A voice-guided assembly assistant prototype that turns manual-style instructions into short, structured steps with ElevenLabs text-to-speech.

Active prototype — voice-guided assembly assistantElevenLabsText-to-speechPythonNext.jsTypeScriptReact

Overview

I built Build Along to explore how voice can make physical assembly tasks easier to follow hands-free.

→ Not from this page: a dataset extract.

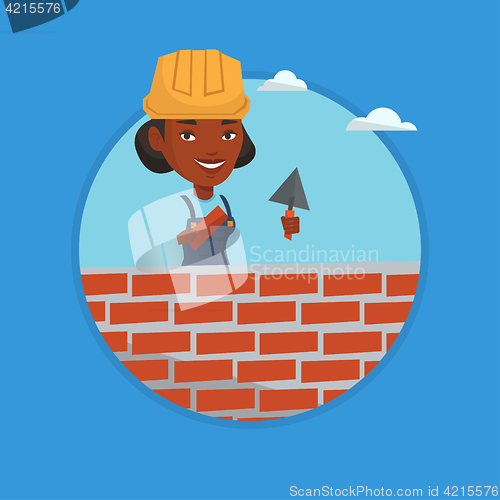 Image of Bricklayer working with spatula and brick.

The prototype turns manual-style instructions into structured step cards that can be read aloud using ElevenLabs, with controls for moving through steps and replaying the current instruction.

Built

  • A step-card interface for moving through structured assembly instructions one step at a time.
  • Read-aloud and repeat-step controls for hands-free guidance.
  • A FastAPI backend endpoint that calls ElevenLabs text-to-speech and returns playable audio.
  • Static demo audio support for public portfolio deployments where live API usage is not required.
  • A deliberately small V1 that proves the core loop from instruction step to playable spoken guidance.

Engineering decisions

  • I kept V1 focused on one complete product loop: structured instruction step, UI card, backend speech endpoint, ElevenLabs audio generation, and playable output.
  • I treated the project as an assembly guidance prototype rather than a generic text-to-speech wrapper.
  • I separated the frontend and backend so the UI, orchestration, and speech generation boundary stays explicit.
  • I added static demo audio support so the project can be shown publicly without relying on live paid API calls.
  • I avoided PDF parsing, camera input, voice commands, authentication, and persistence in V1 so the core interaction could be tested quickly.

Demonstrates

  • Product thinking around AI-assisted physical workflows.
  • Voice UI and text-to-speech integration.
  • FastAPI backend design.
  • Next.js frontend development.
  • API boundary design between frontend and backend.
  • Scoped MVP delivery.
  • Pragmatic handling of public demo constraints.

Trade-offs

  • Using ElevenLabs gives the prototype high-quality speech output quickly, but it introduces API cost and deployment considerations.
  • Using sample structured instructions keeps the prototype focused, but it avoids the harder problem of parsing arbitrary manuals.
  • Static demo audio makes the portfolio demo safer and cheaper to host, but it is less impressive than fully dynamic speech generation.
  • Keeping V1 small limits functionality, but it makes the project easier to finish, explain, and improve.

Next

  • Add voice commands for next, previous, repeat, and pause.
  • Introduce manual ingestion and structured step extraction.
  • Add richer step metadata such as tools, parts, warnings, and estimated duration.
  • Explore camera-based progress checks for visual confirmation during assembly.
  • Add a shareable QR-code flow where a product can link directly to its guided build experience.